Former Tory prime minister says the controversial illegal migration bill will give "the traffickers another weapon to hold people in that slavery and exploitation".

Theresa May has warned the government’s crackdown on migration will create more victims of modern slavery as ministers attempt to deter people from crossing the English Channel.

The former prime minister been joined by former leader Iain Duncan Smith in objecting to the illegal migration bill based on its potential to fuel human trafficking.

May, a long-serving home secretary who had a reputation for her hardline approach to immigration, said the controversial proposed legislation will give “the traffickers another weapon to hold people in that slavery and exploitation”.

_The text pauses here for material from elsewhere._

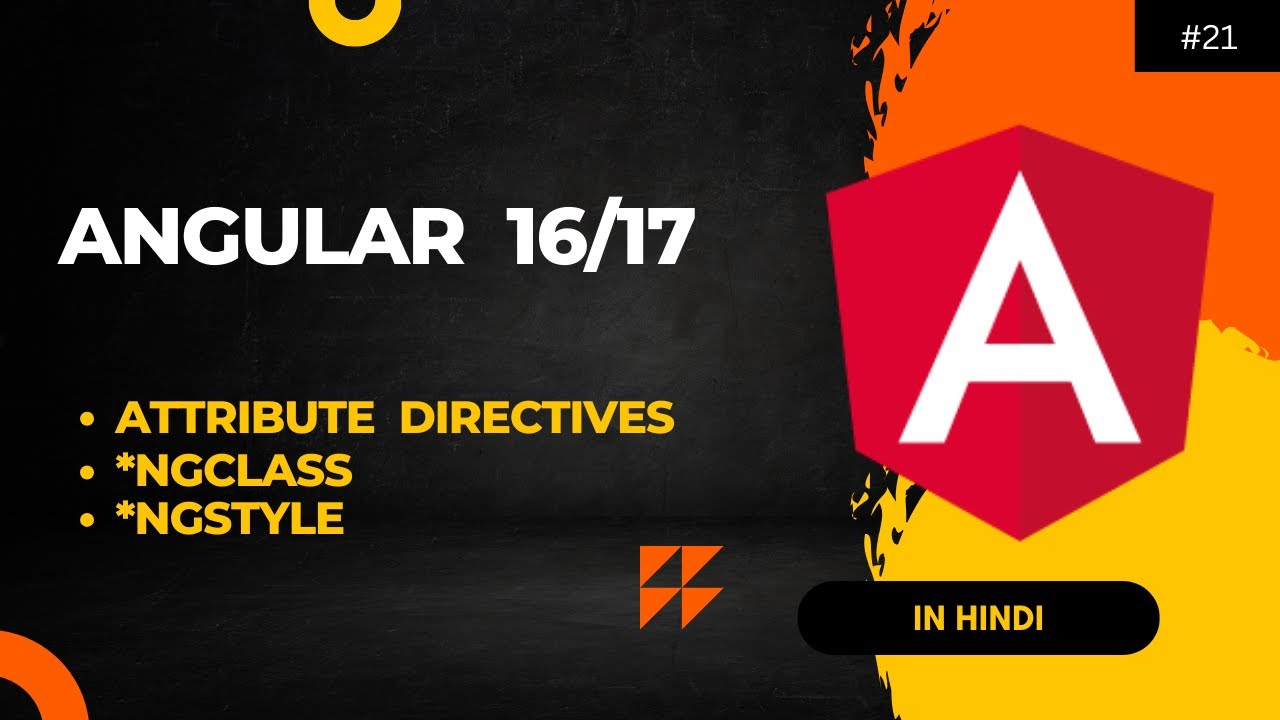 Attribute Directives in Angular | Part-5 | Angular 16/17 tutorial in ...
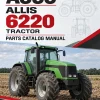 AGCO Allis 6220 Tractor Parts Catalog Manual AGCO Allis 6220 Tractor Parts Catalog Manual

The MP described an amendment tabled by ministers as a “slap in the face”.

Temporary protection against removal from the UK is currently given to suspected victims of modern slavery or human trafficking while their case is considered.

But the bill removes this protection for those judged to have entered the UK illegally.

It contains an exception for people co-operating with a criminal investigation, but the government amendment adds it is not necessary for a person to be present in the UK to co-operate with such proceedings unless there are judged to be “compelling circumstances”.

May and Duncan Smith are behind a separate amendment seeking to protect victims of modern slavery in the UK from removal and being barred from returning.

May said the change also suggests those dealing with the bill “simply do not understand the nature of these crimes or the position of victims”.

The MP for Maidenhead said the government amendment will make it “much harder” to investigate and prosecute traffickers and slavedrivers given victims need to feel safe and have confidence in the authorities.

She said: “Sending victims back to their own country or a third country like Rwanda will simply, at best, make them feel less secure, and therefore less able or willing to give the evidence needed, and at worst will drive them back into the arms of the traffickers and slavedrivers.”

She added: “Modern slavery is the greatest human rights issue of our time. The approach in this bill, I believe, will have several ramifications. I believe it will consign victims to remain in slavery.

“The government will be ensuring that more people will stay enslaved and in exploitation as a result of this bill because it will give the slavedrivers, it will give the traffickers, another weapon to hold people in that slavery and exploitation, because it’ll be very easy to say to them, ‘Don’t even think about trying to escape from the misery of your life, from the suffering we’re subjecting you to because all the UK government will do is send you away and probably send you to Rwanda’.

“The modern slavery act gave hope to victims, this bill removes that hope. I genuinely believe that, if enacted as it is currently proposed, this bill will leave more people, more men, women and children, in slavery in the UK.”